The Data Citation Index captures all available metadata for the data repositories we index. In many cases, this available metadata is very granular and the repository is broken into a variety of child data types (studies, sets). In other instances the content will only appear as a single repository record. This can be caused by two separate scenarios – one that will change over time and one that will remain as indexed at launch.

In some cases a data repository is still working to create a uniform structure that will enable its content to be indexed at the granular level. Through our evaluation and selection process, Thomson Reuters determined that because the content in the repository is so critical to Web of Science users and because the repository is working with us to implement a more consistent data structure, the data would be made available within the Data Citation Index as the repository formatting work is underway.

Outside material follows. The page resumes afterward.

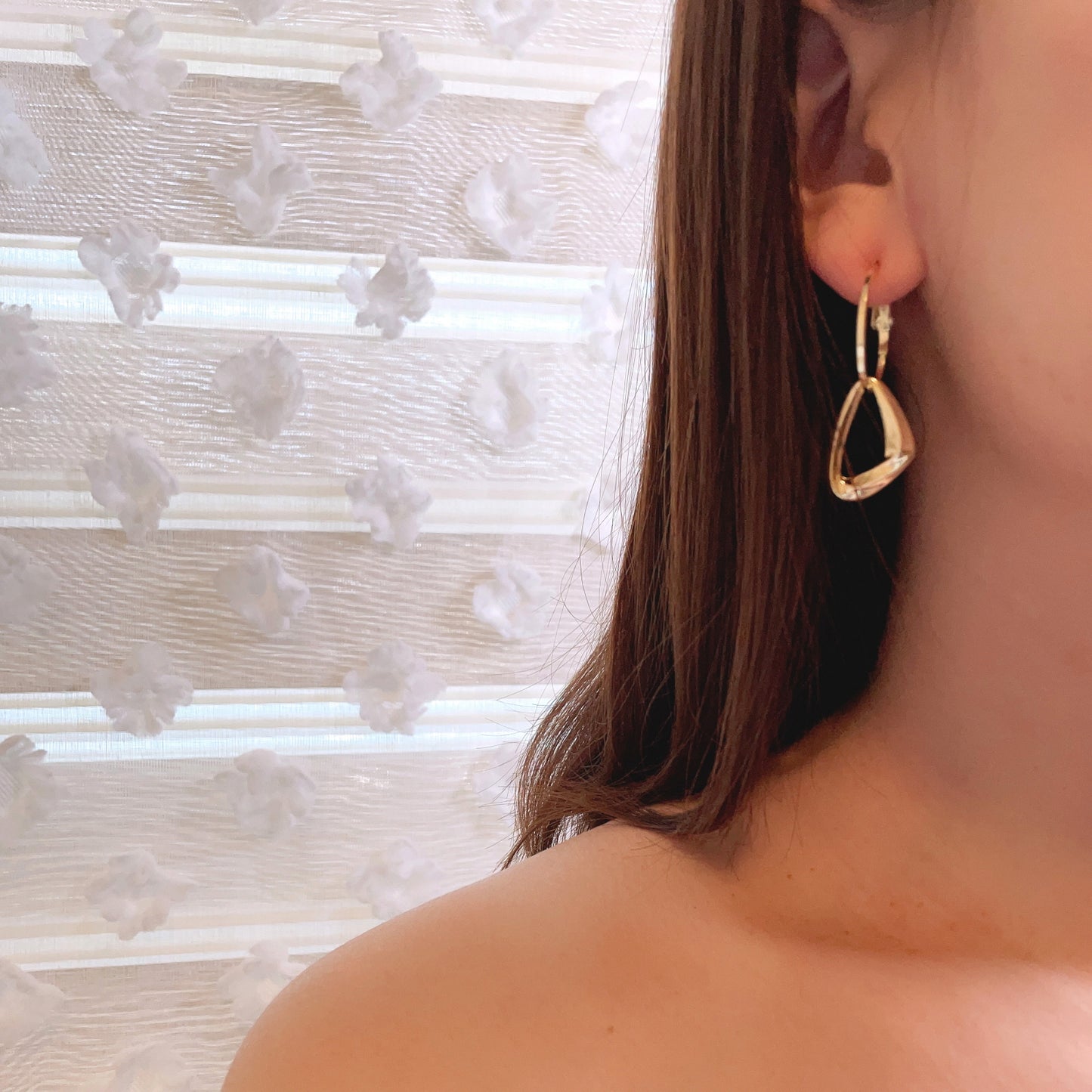 925 Sterling Silver Post Gold Plated Geometric Drop Dangle Earrings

In many other instances, however, the data repository will always only include a single record in Data Citation Index with no affiliated child records unless the repository itself makes significant architectural changes – and its users in turn change the way they interact with the repository. These repositories are essentially one large record and the citable object is the repository itself. When thinking about these repositories, data set records and data studies do not exist. Usually either the repository is one big collection of data (maybe from a specific project) or bespoke data are exported as some sort of report from the repository by the user entering various parameters, and an internal repository search pulls together appropriate data based on a variety of criteria. The nature of these repositories is to be a large trunk filled with data related to a specific subject or topic as opposed to a neatly organized cabinet with several separate drawers and shelves.

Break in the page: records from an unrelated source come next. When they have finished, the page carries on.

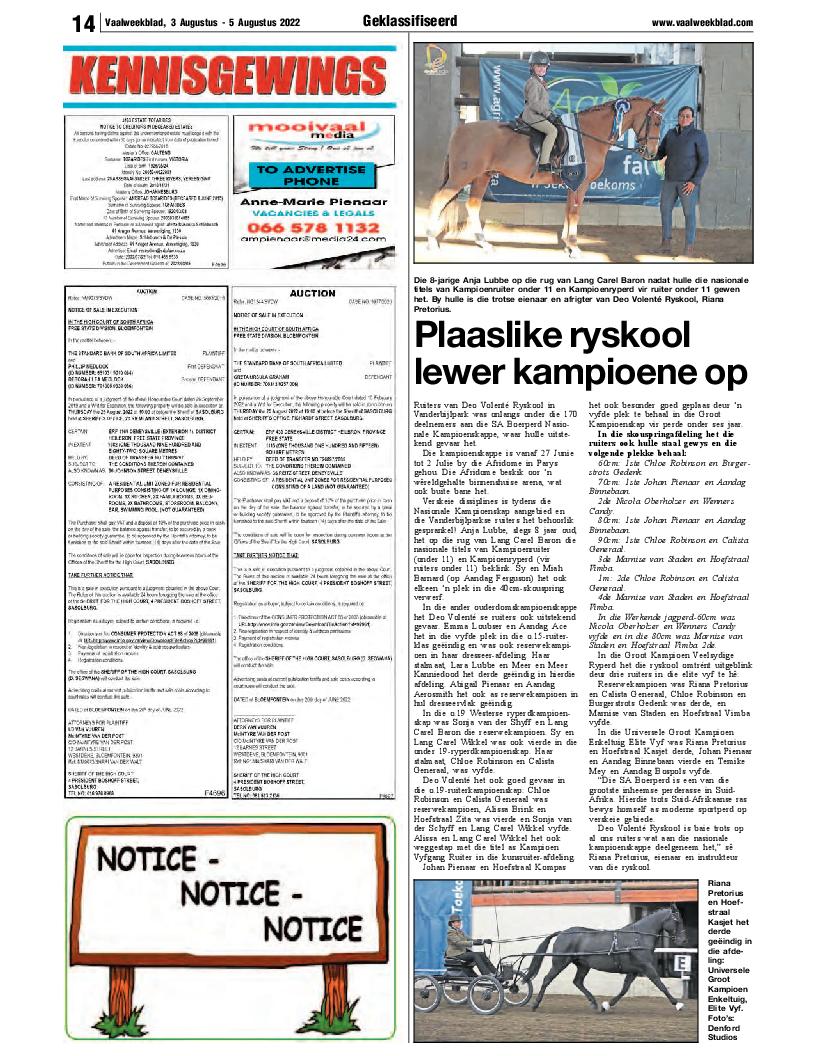 Vaalweekblad, 3 Augustus – 5 Augustus 2022 page 14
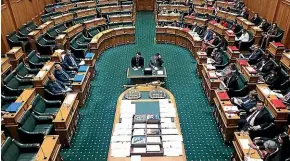 ?? HENRY COOKE/STUFF ?? The Opposition side of the House is almost empty as National MPs followed in solidarity after leader Simon Bridges was asked to leave.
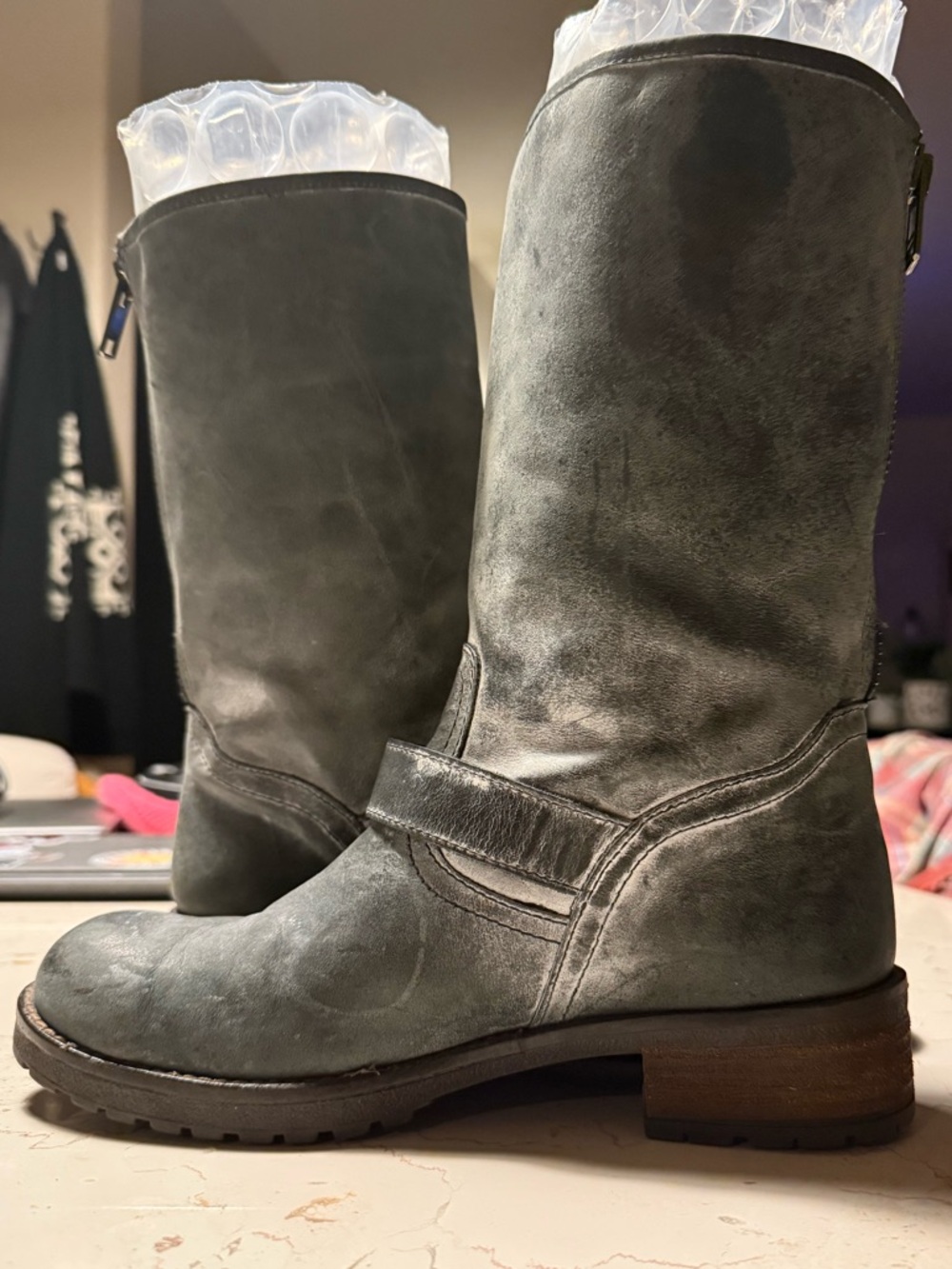 2015 Steve Madden Gray Moto Zip Boots Size 40 Like New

COVERAGE OF REGIONAL REPOSITORIES

While data repositories are often affiliated with a specific institution or organization, their content can be global in origin. Researchers from around the world tend to select the data repository that is most applicable to the subject area they are examining as opposed to one based on geographical proximity. For the first phase of the Data Citation Index we have identified data repositories that have the some of the most relevant, widely applicable data and prioritized these for early stage inclusion.
However, there is likely to be truly regional content only available within regional repositories that is important to our customers. As with all of our products, we will closely monitor usage trends and feedback from our customers to ensure our content strategy aligns with the market’s needs.

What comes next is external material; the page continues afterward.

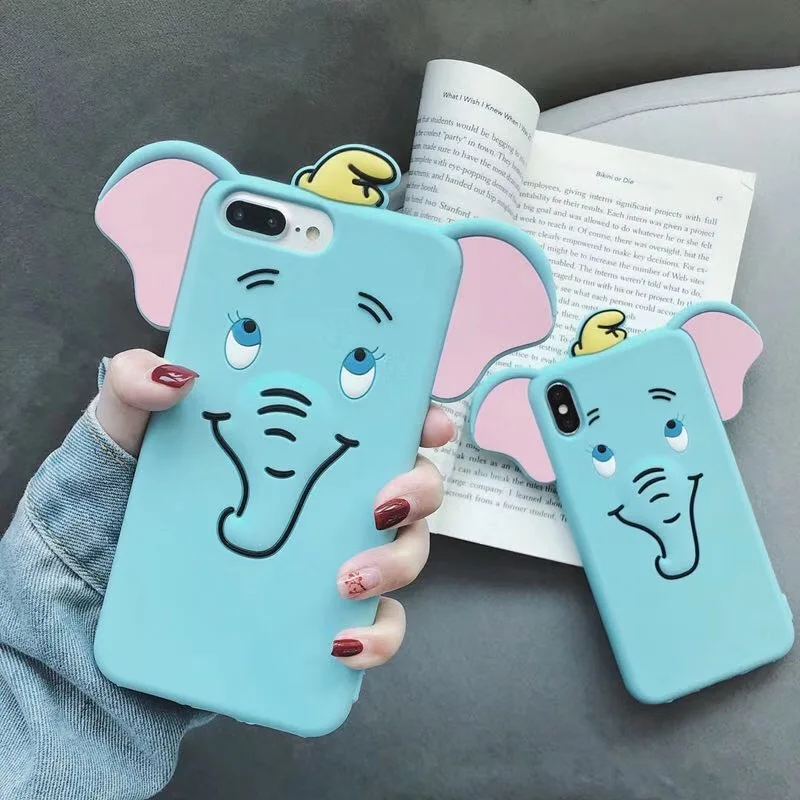 Marchcover 3D популярный милый мультяшный слон Дамбо силиконовый чехол для iPone X XS MAX XR 8 7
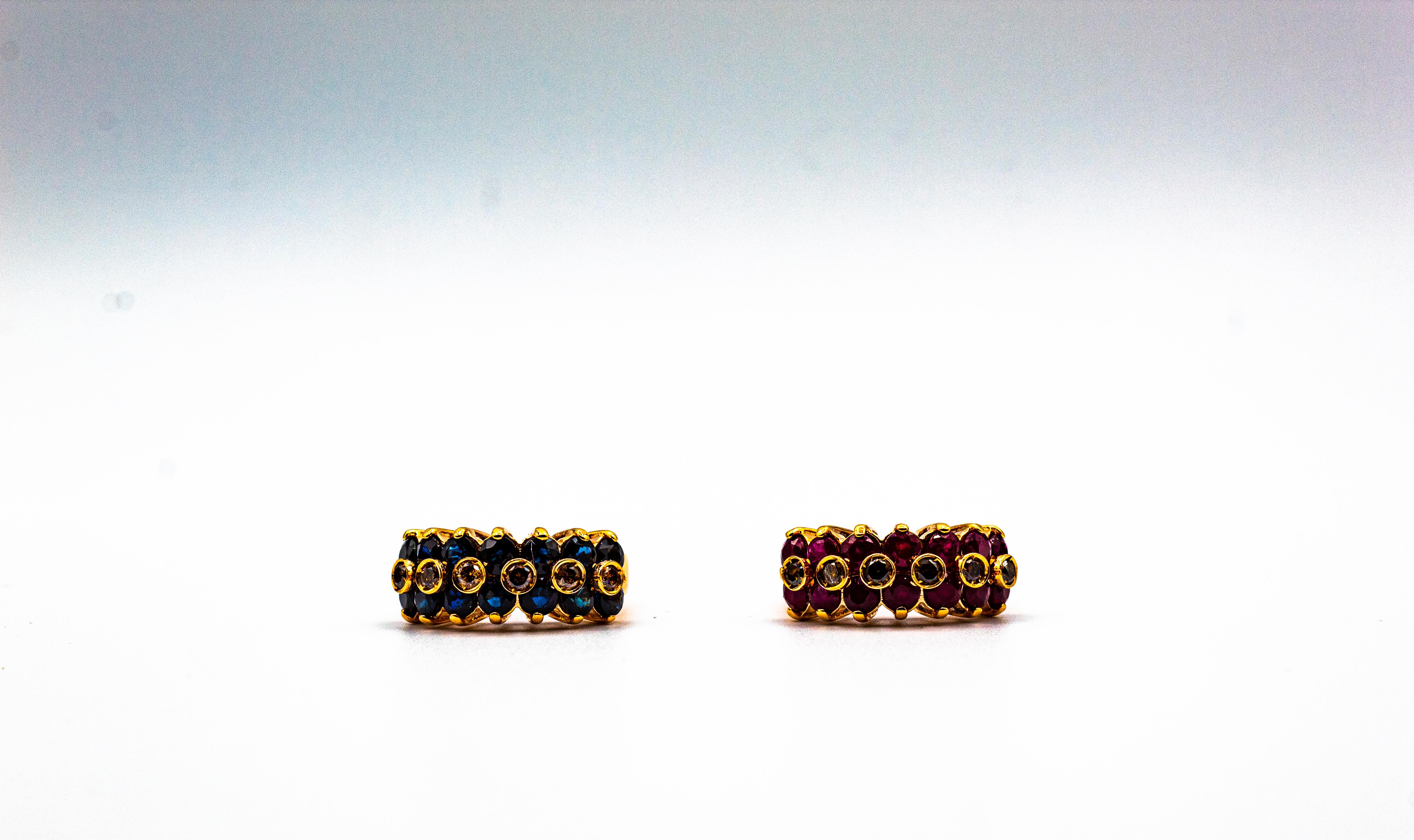 Art déco Bague de cocktail en or jaune, style Art Déco, 4,17 carats, diamant brun, saphir bleu en vente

We have aggressive goals associated with indexing additional data repositories each year as the Data Citation Index develops from an essential database of data sets and studies to a fully integrated web of citation and analytics. Part of this will include monitoring these regional needs and determining the best way to meet researchers’ expectations. As with regional citation indexes on Web of ScienceSM, we will look for the most relevant content from reliable, sustainable data repositories to add content and context to the Data Citation Index as the product matures.